8

6 2 0
                                    

"Sejak kapan?" Suara Dyo seperti pedang yang menusuk. Yunda semakin tersedu saat kakaknya tampak menahan amarah yang begitu dalam.

"Maaf, Mas. Nggak seharusnya aku rahasiain ini dari Mas. Tapi itu permintaan Bunda...."

Dyo mengacak rambutnya frustrasi, masih segar di ingatannya saat Bunda mengalami henti jantung. Dyo tak bisa membayangkan jika hal paling buruk terjadi pada Bunda. Shira ingin mengusap pundak Dyo menenangkan, namun urung. Tangannya hanya terangkat di udara.

Bangkit, Dyo berjalan keluar. Menenangkan dirinya sendiri.

Yunda segera menggenggam tangan Shira. "Tolong temenin Mas Dyo, Mbak. Dia pasti syok banget," ujar Yunda dengan suara bergetar.

Shira mengangguk dan meremas bahu Yunda. "Kamu yang kuat ya."

Shira kemudian berjalan menyusul Dyo. Dyo duduk di bangku taman rumah sakit dan menutup wajahnya dengan kedua tangan. Shira tak menyangka bisa melihat sisi Dyo yang serapuh ini. Shira lalu perlahan duduk di samping pria itu.

Taman rumah sakit tampak sepi. Hanya ada beberapa pasien yang menggunakan kursi roda ditemani wali mereka termenung menikmati ketenangan di tengah hiruk-pikuk kota Seoul. Memandang langit yang mulai berubah warna, menunjukkan semburat oranye dan merah muda. Burung-burung berkicau pelan, menciptakan suasana yang damai.

Shira memberanikan diri menepuk pundak Dyo menenangkan. Diliriknya Dyo yang mulai agak tenang, Dyo menghapus air matanya yang basah kemudian kembali mengenakan kacamatanya.

"Shira," suara berat Dyo memecah keheningan, "gimana kalau...."

Shira menoleh, menatap mata Dyo yang serius. "Kenapa, Mas?"

Dyo menarik napas dalam-dalam, seolah sedang mengumpulkan keberanian. "Saya tahu ini agak gila, tapi ... gimana kalau kita menikah?"

Kata-kata itu menggantung di udara, menimbulkan keheningan yang mendadak. Shira terdiam, tidak yakin apakah dia mendengar dengan benar. "Nikah?"
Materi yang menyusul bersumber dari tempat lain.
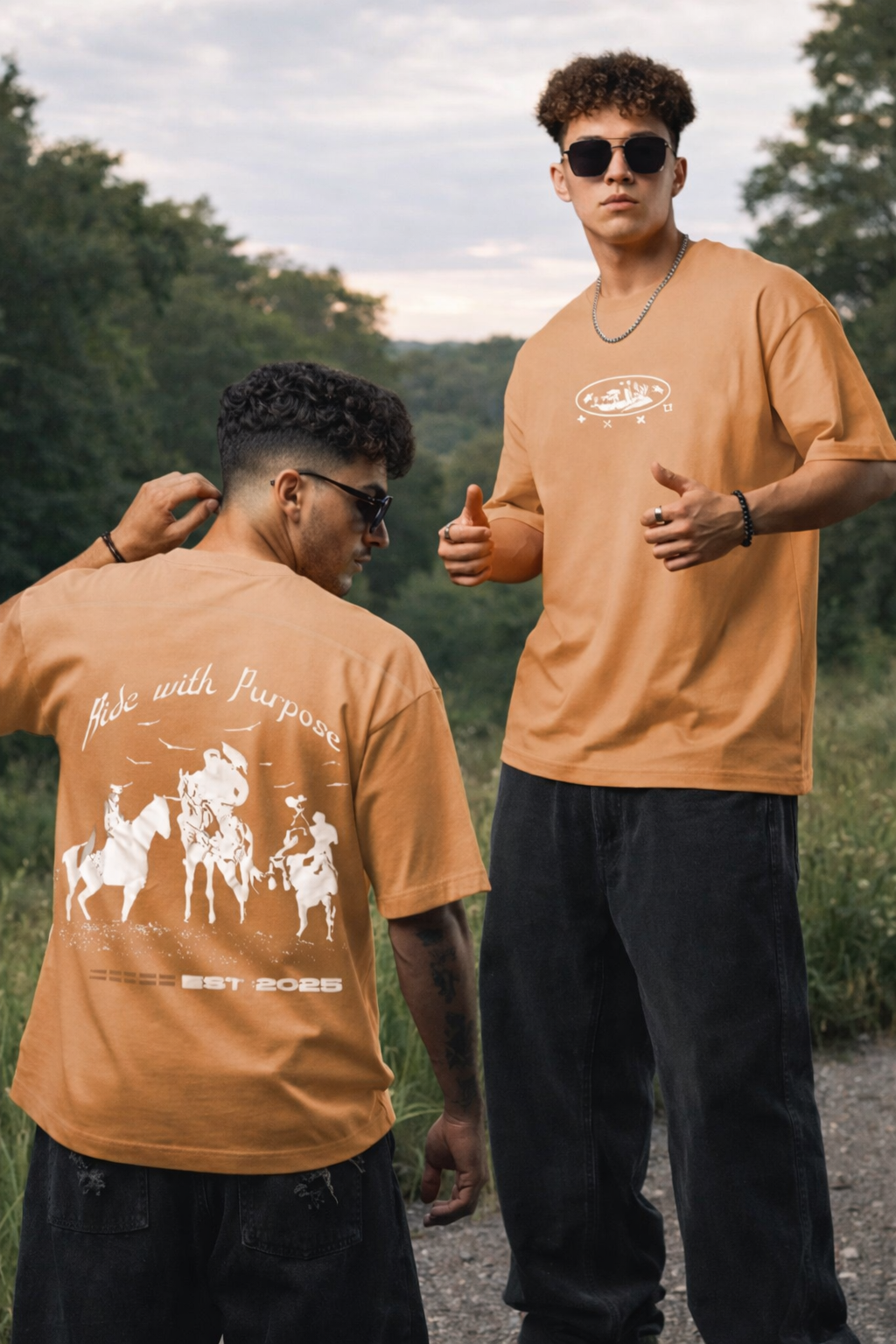 over sized T-shirts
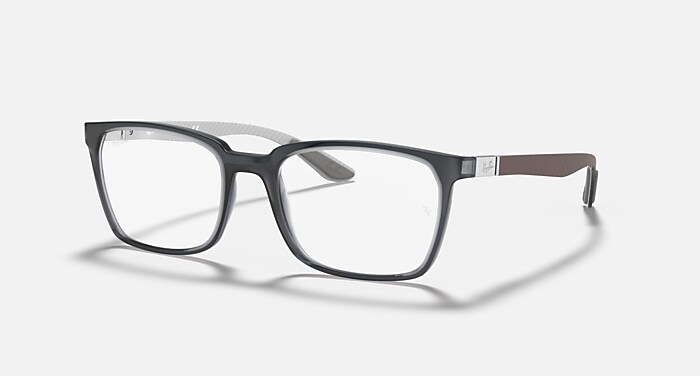 RB8906 OPTICS Eyeglasses with Transparent Grey Frame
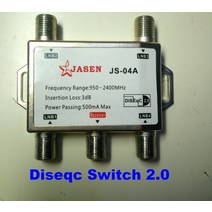 JASAN JS-04A 4 1 SRT4X1 DiSEqC 스위치 위성 FTA TV LNB 수신기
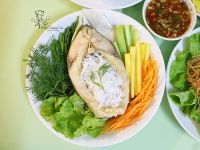 CÁ HẤP BIA CUỐN BÁNH TRÁNG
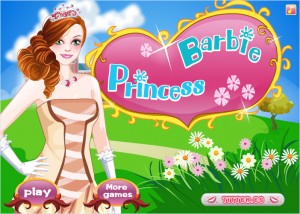 all princess barbie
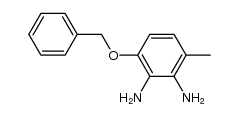 3-(benzyloxy)-6-methyl-1,2-phenylenediamine Structure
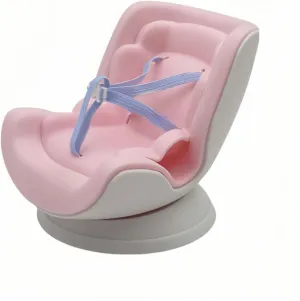 Car Seat Protector for 17cm Doll, Desktop Ornament Set with Accessories,Air Vent Stuffed Toy Carseat, Perfect for Car Decoration and Display,Suitable for 17cm Dolls (Pink)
Dyo mengangguk pelan. "Bunda ... Bunda bilang dia mau liat aku nikah, bahagia, punya pasangan. Saya tahu ini mendadak, tapi ini mungkin satu-satunya cara buat memenuhi keinginan Bunda."

Shira merasakan berbagai emosi berkecamuk dalam dirinya. Rasa iba, kebingungan, dan ketidakpastian. "Tapi, Mas ... kita baru kenal baru-baru ini dan belum bener-bener saling tau satu sama lain. Ini kayaknya mendadak banget."

Dyo tersenyum lemah, tatapannya penuh penyesalan. "Kamu bener. Sorry, saya nggak berpikir jernih. Nggak papa, lupain aja."

Shira melihat kesedihan di mata Dyo. Shira menggenggam tangan pria itu menguatkan. Dyo menarik tangannya kembali, mengguncang kepalanya. "Sorry ya, lupain aja apa yang saya bilang tadi. Kamu punya kehidupan sendiri, impian kamu sendiri. Nggak seharusnya saya melibatkan kamu dalam hal ini."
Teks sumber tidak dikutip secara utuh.